Non siamo tifosi dell’osservazione ansiogena dei risultati locali per trarne la predizione sul futuro elettorale della nazione, per il semplice fatto che si tratta di partite del tutto diverse e con percentuali di astenuti e liste partecipanti non sempre sovrapponibili. Oltre, naturalmente, alla peculiarità del voto amministrativo rispetto a quello politico.
Tuttavia, se leggiamo gli ultimi due episodi, Sardegna e Abruzzo, seguendo l’uso un po’ nevrotico dell’analisi politica che va tanto di moda, ed estrapoliamo il risultato della destra, balza subito all’occhio un dato: la salute di Forza Italia è più salda di quella della Lega di Salvini, tanto da ribaltarne il rapporto.
Che era fino a qualche tempo fa parecchio soverchiante in favore dei salviniani. La situazione dei numeri regionali sembra oggi nettamente favorevole ai forzitalioti: 6,3 per gli eredi di Berlusconi contro 3,7 dei salviniani in Sardegna, 13,4 per Forza Italia in Abruzzo, contro il 7, 5 della Lega che perde addirittura 20 punti sul risultato del 2019 in favore della Meloni, mentre Fi sopravanza agevolmente il 9% raccolto col carisma di Silvio Berlusconi ancora vivo.
E questo a tacere dell’attestazione di salute discreta che viene anche dai sondaggi elettorali, generosi con Fi al punto da confermare qualche presagio di sorpasso su un Salvini calante.
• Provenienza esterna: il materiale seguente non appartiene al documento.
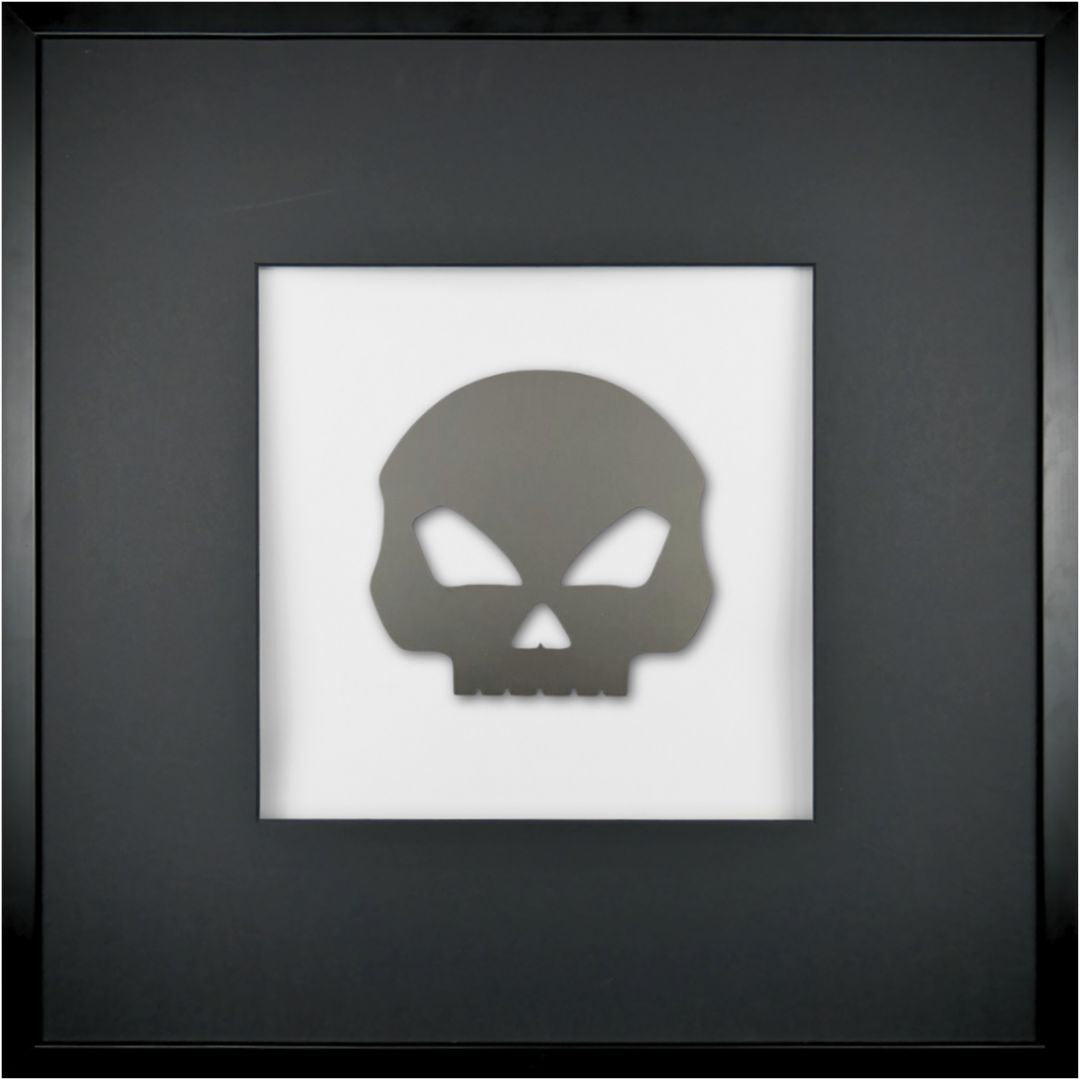 Quadratwerk Wandbild Pure Black Totenkopf 58cm - Rahmen Schwarz, Hintergrund Weiß, Passepartout Schwarz/Schwarz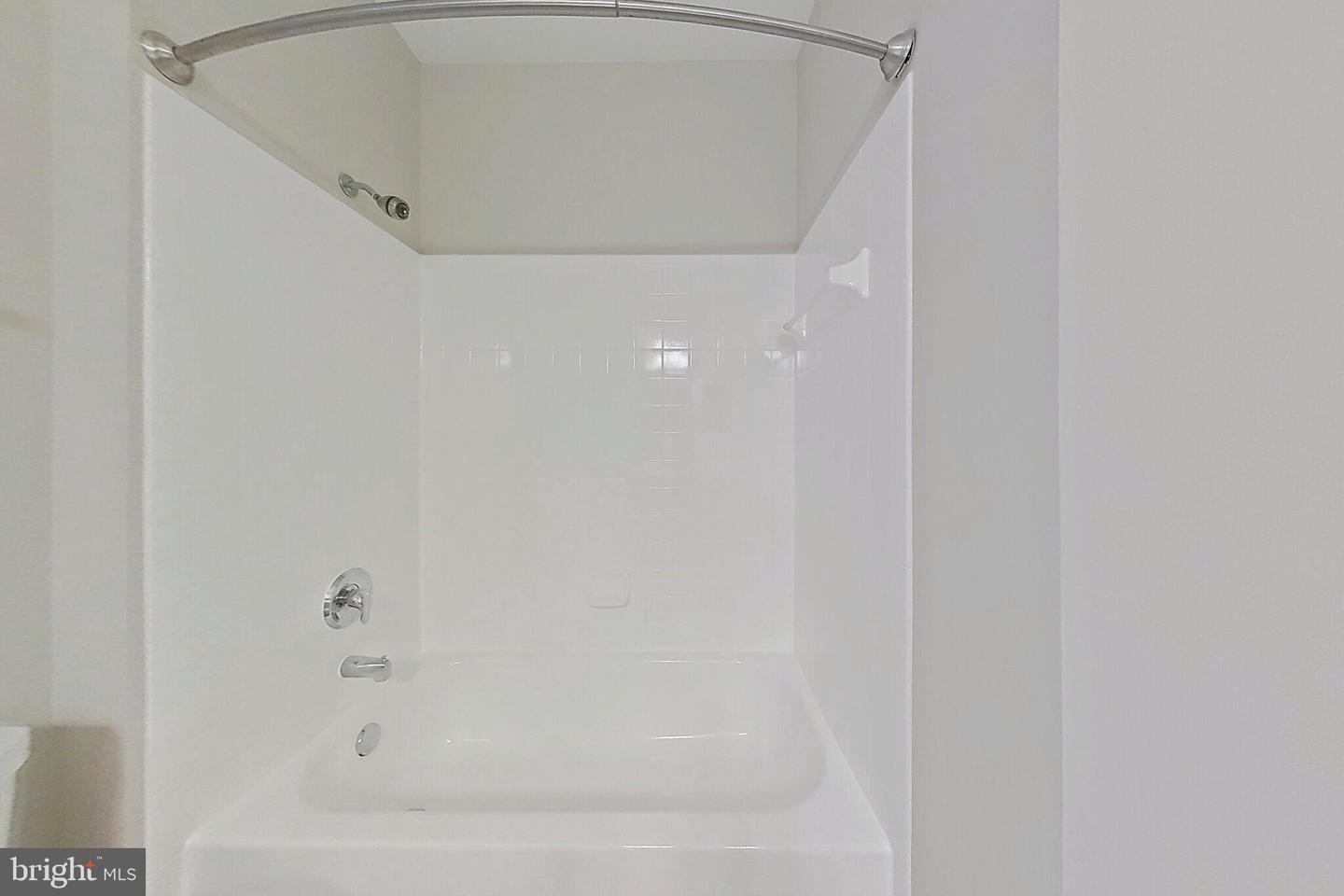 42531 ROCKROSE SQ #302, BRAMBLETON, Virginia 20148, 2 Bedrooms Bedrooms, ,2 BathroomsBathrooms,Residential,For sale,42531 ROCKROSE SQ #302,VALO2113706 MLS # VALO2113706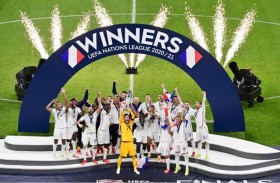 فرنسا تتوج بلقب دوري الأمم الأوروبية 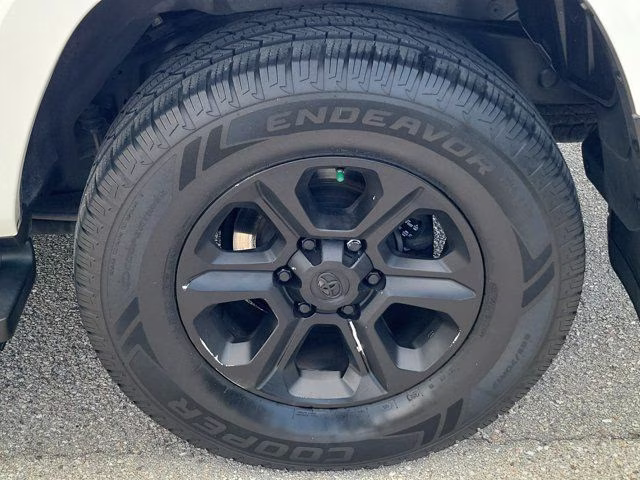 2021 Super White Toyota 4Runner SR5 Premium 4X4 SUV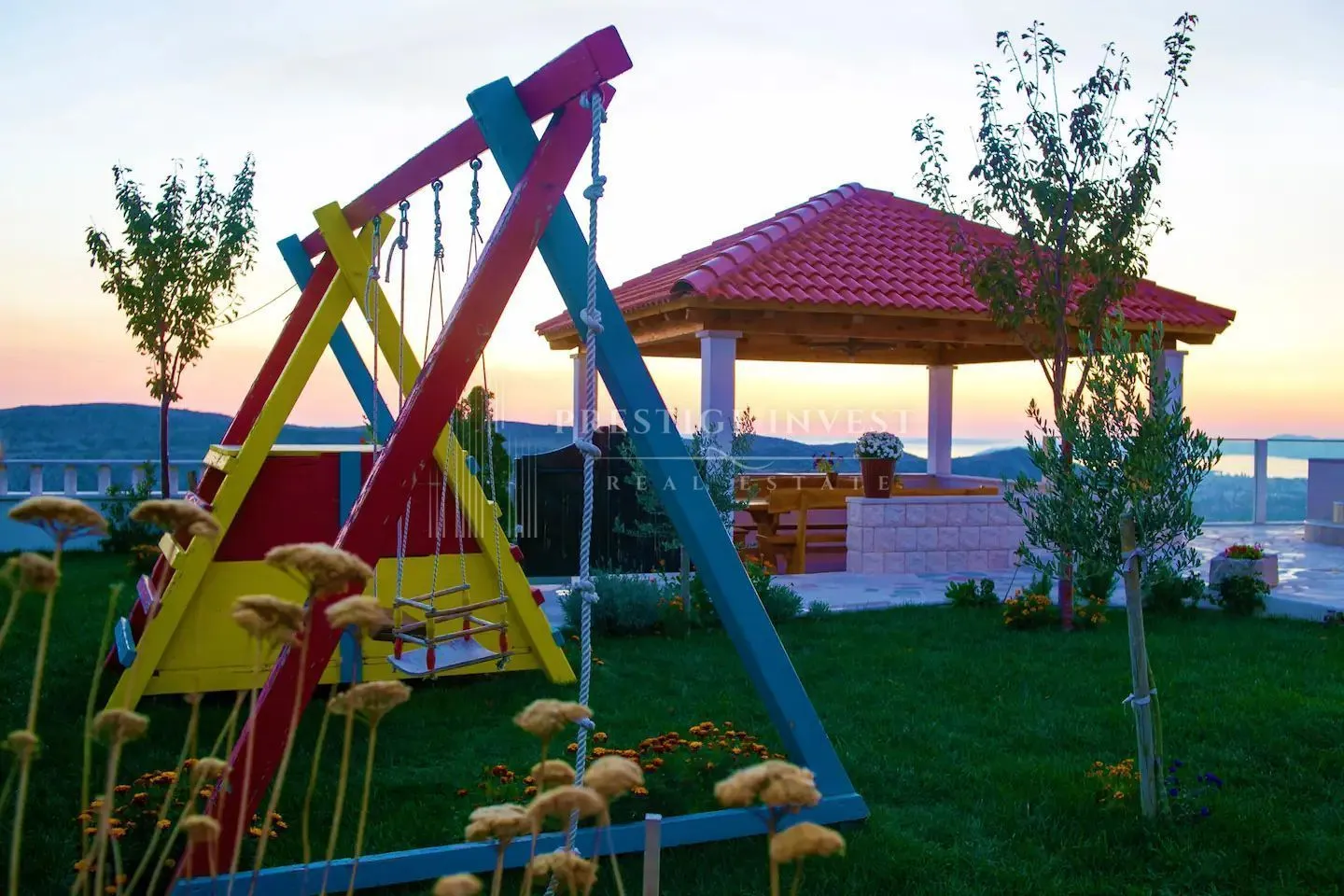 luksuzna vila s bazenom s panoramskim pogledom na split - slika 13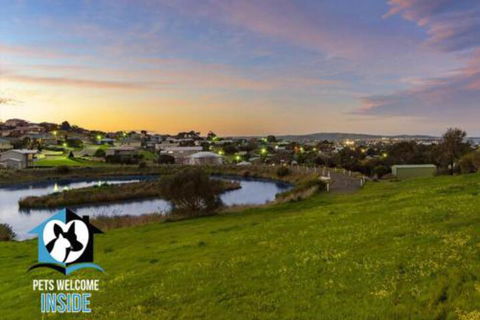 Almost New + Sea & Lake Views - Hobart Tourism 3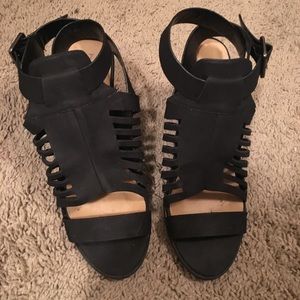 Black strappy heels.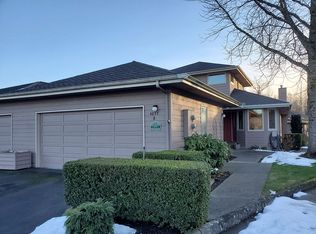 4877 N Village Ln #B, Bellingham, WA 98226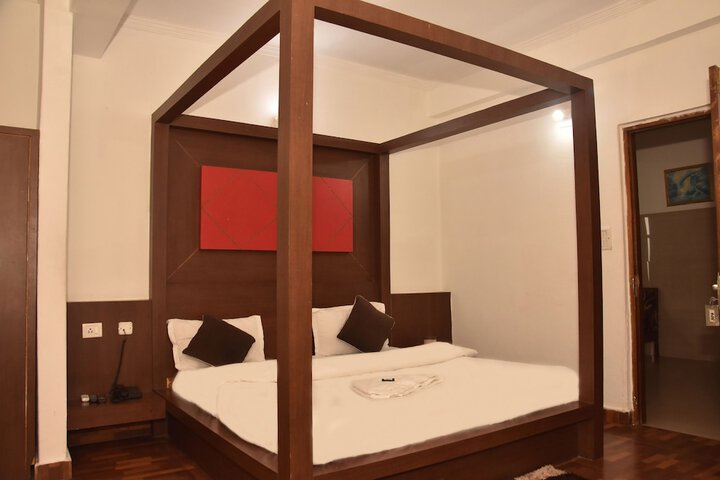 Room 11 of 22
Insomma: appaiono smentiti gli oscuri vaticini che s’addensavano intorno al partito alla morte del fondatore, immaginando che Silvio Berlusconi - su cui persino la politologia aveva speso cospicue riflessioni battezzando la fortunata fattispecie del “partito personale” - avrebbe portato nella sua dimora ultraterrena la sua creatura, forse dopo un docile ma ineluttabile stillicidio.
Invece no: non solo il compagno Tajani è vivo e lotta insieme a noi, ma, addirittura, sembra usare il suo approccio morbido, ellittico, rassicurante, che talvolta ricorda Arnaldo Forlani nello sfumato grigio degli abiti e della sua arte oratoria, per piantare la bandierina moderata in un territorio che vede i sodali far politica digrignando i denti.
Il «mite Tajani», dunque, tiene botta, intestandosi l’appartenenza alla famiglia popolare europea e il rapporto privilegiato con Weber e Ursula Von der Leyen, declina parole di senso compiuto sulla lealtà atlantica e sulle guerre dietro casa, ostenta la fede liberal-democratica ponendosi come il centrista della prima ora e non come la neo-moderata Meloni che è in Europa pur sempre la leader di un partito parecchio sbilanciato sul fronte non propriamente europeista. Fa tutto questo salmodiando ogni giorno il grato ricordo al fondatore, e la gente gli va dietro, almeno il popolo più moderato del fronte destro, smentendo le previsioni di un subitaneo Anschluss da parte di Fratelli d’Italia. La strategia tajanea si avvale di un oggettivo vantaggio di posizione: Salvini così sbilanciato sulla linea «impeto e assalto», impone nell’economia della coalizione un riequilibrio per evitare il deragliamento dell’alleanza. Questa condizione restituisce una impreveduta centralità a Forza Italia, che, peraltro, anche nella politica interna riesce a rappresentarsi, almeno nelle forme, più dialogante e meno contaminato dalla sindrome dell’assedio che sembra colpire il partito maggiore della coalizione. Se poi alla resa dei conti di giugno il PPE si dovesse trovare a stringere il solito patto di legislatura con i socialisti del PSE, Tajani resterebbe la chiave per consentire la comunicazione politica tra i nuovi vertici europei e Giorgia Meloni.
Non male per un outsider che sembrava capitato quasi per caso a capo del partito personale di Berlusconi.